The initialization and shutdown sequence information below, in combination with other event handler guidelines, will help you develop event handlers that override or extend standard model behavior.

Model Loading and Unloading

The behavior for model loading and unloading within the Design Tool differs slightly from the same sequence in the Session Server.

Model Loading

When a model is loaded in either the Design Tool or the Session Server, the following sequence occurs:

  1. The Design Tool copies all JAR files in the model's \scripts\lib directory to a temporary working area. On the Session Server, the deployment directory is the working area.
  2. Host Integrator notifies the script manager of the new model configuration, passing the model name, model directory, and the location of the working area. The Session Server also passes a copy of all model metadata to be cached in the script manager.
  3. An infrastructure, consisting of the created data accessible through the ModelContext interface and a class loader for the JARs in each model's working area, is built.
  4. Each JAR file in the event handler working area is inspected for classes that extend an event handler. For any class that is found, the methods and applicable timeout overrides are catalogued for return to Host Integrator.
  5. Upon return, if the model implements the Model Loaded event, that event is fired.

Model Unloading

Design Tool: You unload a model when you close the Design Tool or open a new model. The act of opening a new model over an existing model causes the existing model to be unloaded. Reloading event handlers (for example, after a rebuild) also causes a model unload.

Session Server: The Session Server unloads a model during shutdown and when it is removed from or updated in the server configuration. The following steps take place:

  1. Each host session is instructed to log out when the current client finishes. The host session is then destroyed.
  2. Once all sessions have been destroyed, the Model Unloaded event is fired.
  3. The command to remove the model is sent to the script manager. Among other actions, this includes destroying the Java class loader that was used to access the model's script manager work area.
  4. The deployment directory is made available for clean up.

A change in the version of a model deployed to a Session Server results in a model unload/load sequence. This means that model versions can be changed and new versions of event handlers loaded without restarting the server.

Creating and Destroying Host Sessions

Whenever a host session is created by Host Integrator, the Host Session Created event is fired. Similarly, when a session is destroyed, the Host Session Destroyed event is fired.

Design Tool: You create a host session when you load a new model. Whenever you unload a model, the existing host session is destroyed.

Session Server: On the Session Server, all of the existing rules about configuration changes to models and session pools still apply. Host sessions are created at startup and destroyed on shutdown for session pools. When a new model version is loaded, any existing host sessions with that model are destroyed and recreated. Changing pool sizes up or down can also result in sessions being created or destroyed. Most other changes do not result in host sessions being created or destroyed.

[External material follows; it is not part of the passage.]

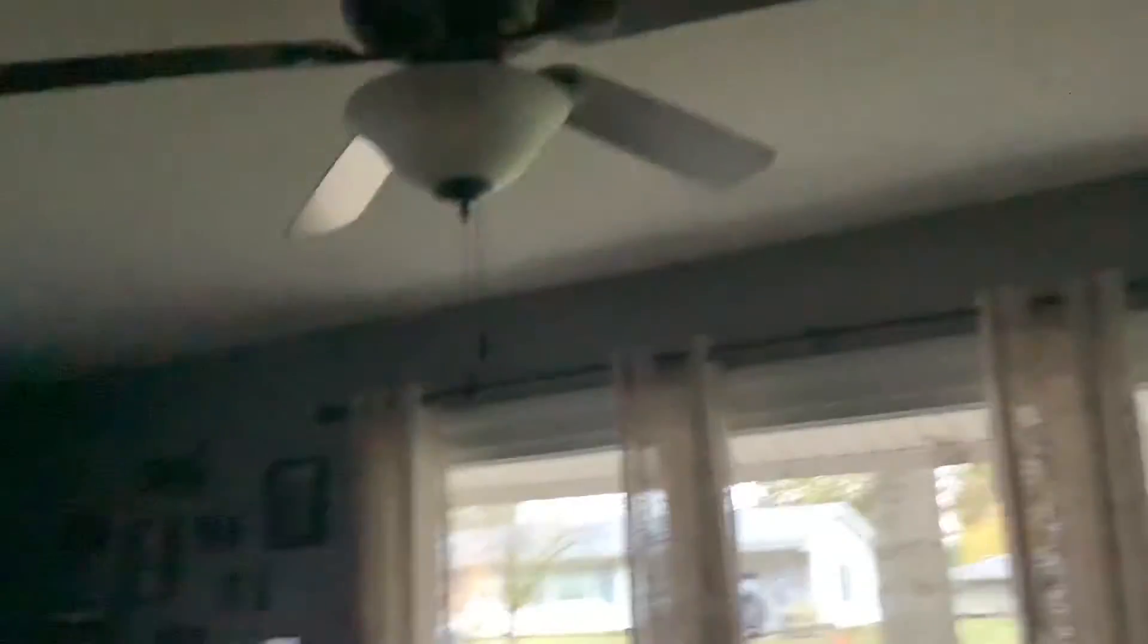And then we got one more down here. I don't know what kind of ceiling fan this is. Now let's go back up here.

Sessions are created when a client connects using the connectToModel API. The Host Session Destroyed event never fires when a client is actually connected to the host session.

Client Sessions and Authentication

The client session represents a client program accessing Host Integrator.

Design Tool: As long as there is a model loaded, there is always a single simulated client session. The Authenticate User and Client Session Created events are fired when you load the model, and the Client Session Destroyed event is fired when you unload the model. You are informed of any errors generated by the Authenticate User event via the Java console, but this does not prevent the client session from being created.

In the Design Tool, the Client Connected event and the Client Disconnected event are attached to login and logout buttons to approximate the behavior of a client connecting to and disconnecting from a session. In this setting, a login process may be executed twice without an intervening logout process. However, after an initial login and associated Client Connected event fires, no additional Client Connected event will fire until a logout occurs.

Session Server: Each session spans one client connection. The Authenticate User event fires when a host session is allocated to an incoming client. If the Authenticate User event returns an error, the client session is not created. Otherwise, the client session is created and the Client Session Created event is fired. The Client Session Destroyed event is fired after the client has disconnected. If the Client Session Created event or Client Session Destroyed event fails, the client connection fails.